Singapore is the first country to formally require Telcos to be part of the fraud scam reimbursement process. A recently published UK Finance report stated that “17% of authorized push payment (APP) fraud in the UK started via telecommunications networks. Another 77% of APP fraud in the UK started online.” So, clearly, it is appropriate to involve Telcos. And probably online social media/dating sites should be included in the future as well.
This proposal also indirectly highlights that in Singapore, not all unauthorized fraud transactions are automatically reimbursed by the FI. Some number of these unauthorized fraud transactions are possibly only reimbursed by the ‘goodwill’ of the FI.

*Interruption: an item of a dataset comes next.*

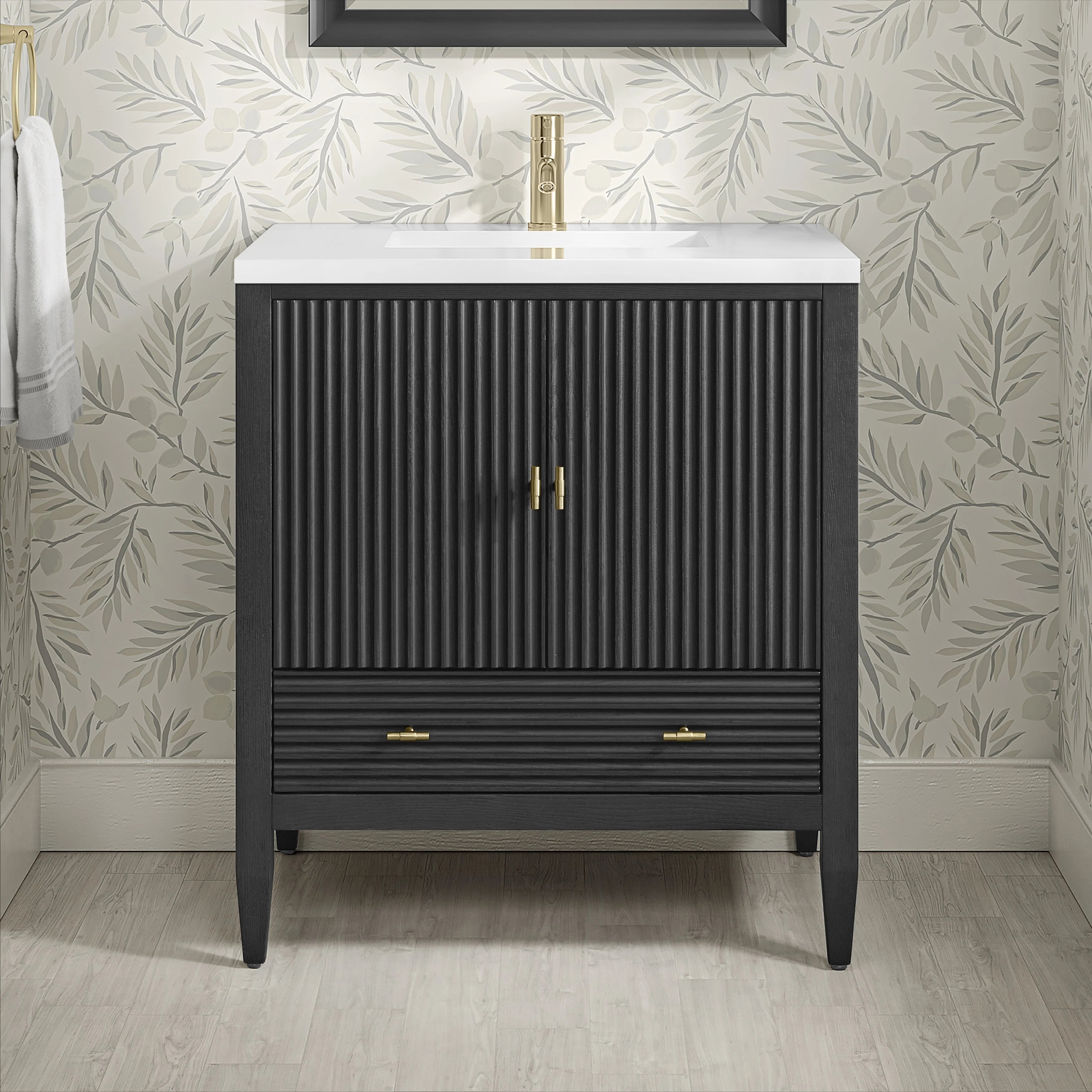 Myrrin Single Vanity,  w/ 3 CM White Zeus Silestone Top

MAS has also focused on prescriptive fraud controls for FIs and Telcos. This is a very important part of the MAS strategy to prevent fraud and scams. And this should be part of every FI and Telco company strategy to help eliminate this serious issue of fraud/scam losses.
We have clearly seen the benefit of new telco scam controls in Australia. In the summer of 2023, the Australian Communications and Media Authority (ACMA) released a report that showed a significant reduction in vishing and smishing complaints in Australia. Here is an extract from the report:
A key trend observed in 2022–23 is a promising downward year-on-year number of complaints associated with the introduction of (new ACMA) anti-scam call and SMS rules:
- Phone scam complaints have decreased by 72% since 2020–21 (with the blocking rules introduced in December of that period)
- SMS scam complaints have decreased 86% since 2021–22 (with the blocking rules introduced at the beginning of the 2022–23 period).